Mas essa sabedoria popular, não sendo considerado um conhecimento científico, acaba por ser transmitida de geração em geração e revela-se das mais variadas formas, desde as mezinhas para curar algumas doenças, sem recurso aos químicos da indústria farmacêutica, até aos ditados populares. Sobre estes, dou apenas alguns exemplos, para ficarmos apenas na verdade e na mentira: “O dinheiro cala a verdade”; “Ainda que enterrem a verdade, não sepultam a virtude”; “Mais perde em amizades quem mais teima nas verdades”; “Mais vale o calar do mudo do que o falar do mentiroso”; “O mentir exige memória”; “Nada é mais fácil que mentir e mais difícil do que mentir bem”; “Quem a dois senhores quer servir, a um há de mentir”; “A verdade é amarga, a mentira é doce”…  
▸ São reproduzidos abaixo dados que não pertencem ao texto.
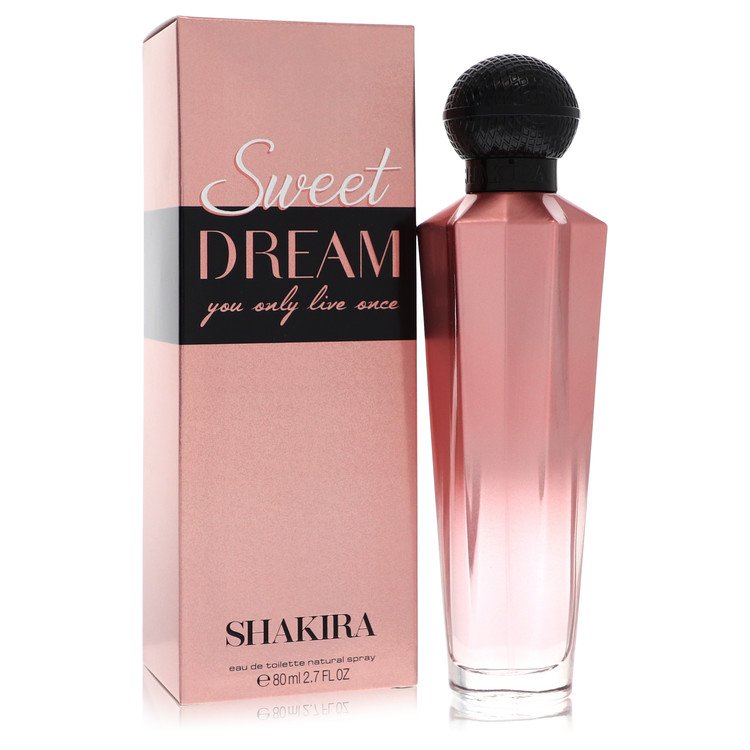 Shakira Sweet Dream Eau De Toilette Spray By Shakira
Fui acumulando alguma dessa sabedoria ao longo de mais de sessenta anos, e ao aperceber-me que tivemos uma longa ditadura no país que durou mais de quatro décadas, admitindo que quanto mais ignorantes são as pessoas mais são facilmente manipuladas, talvez explique porque dediquei mais de metade da minha vida à educação e formação de adultos. Este conceito parecia verdade, até ler num jornal semanal, que colocam gratuitamente na caixa de correio, esta frase do conhecido mágico Mário Daniel: “Quanto mais culta e inteligente for a pessoa, maior a facilidade com que cai no truque”, falando mesmo nos truques para seduzir. Talvez alguns membros destacados da classe política tenham conseguido obter algumas lições, para aumentar o número de votos, já que tinham, como dado adquirido, os votos dos “ignorantes”.
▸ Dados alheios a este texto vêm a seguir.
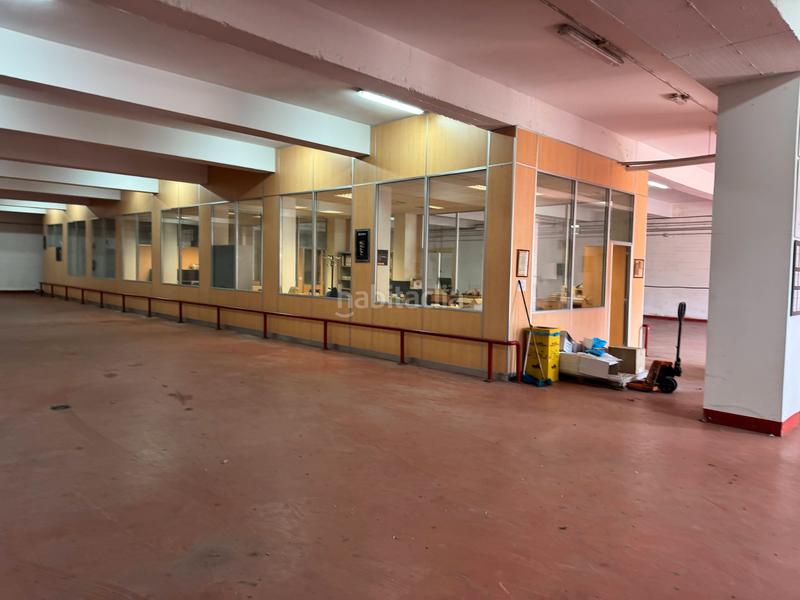 Foto bc9b3148-ef97-4935-9b7f-aeb6dfc3d702. Miete fabrikhalle mit heizung in Redondela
À presente época, ainda se veem alguns cidadãos, provavelmente bem-intencionados, a tentar deixar uma marca e a promover mudanças na sociedade, num apelo à inteligência e à verdade. No entanto, um conhecido bastonário andou a falar para o boneco, tendo como cruzada a crítica aos juízes; agora foi conhecido o caso de um procurador indiciado de ilícitos criminais em que, ao que tudo indica, “o dinheiro calou a verdade”. Há o caso do professor universitário, candidato a presidente da República, que teve a corrupção como tema central da campanha; afinal, “a verdade foi amarga” e obteve 2,16 % dos votos nas últimas eleições, parecendo evidente que andou a falar para o boneco e que as pessoas preferem uma “mentira doce”. Também um conhecido comentador desportivo parece andar a falar para o boneco; enveredou pela defesa da causa “verdade desportiva”, estabeleceu pontes numa abordagem da promiscuidade entre desporto (com predominância do futebol) e política e escreveu, já em 2016, o livro “Mentiras Futebol Clube”, vindo a “perder em amizades por teimar nas verdades”. Estranhamente, até no último filme a que assisti no cinema – “The Boy – Segue as Regras” – vi a personagem Greta, no papel de baby-sitter, que passou quase todo o tempo a falar para o boneco Brahms, de porcelana e no tamanho real de um menino de oito anos, que afinal “não era um mero boneco”… deixando uma pessoa desconcertada, quanto ao que é verdade e mentira.

No dia de tomada de posse do 20.º presidente da República, assisti a uma entrevista de circunstância na TV, feita por um repórter na rua e para “encher chouriços", frente ao Palácio de Belém. À pergunta “Então que espera deste novo presidente?” ouviu-se uma popular responder: “Então… espero que seja melhor que os outros atrasados!”. Será que a esta pessoa fugiu-lhe a boca para a verdade? Fez-me logo lembrar da presidência aberta de Mário Soares em Trás-os-Montes, mais precisamente em Rio de Onor; um repórter perguntou a um ancião o que achava da presença do presidente da República na aldeia e teve como resposta: “Oh… nunca outro tinha cá botado as patas!”. Porque aqui não se precisa de truques, ao ver gente genuína, com tanta simplicidade, bem posso acreditar que este homem estaria mesmo convicto dessa verdade.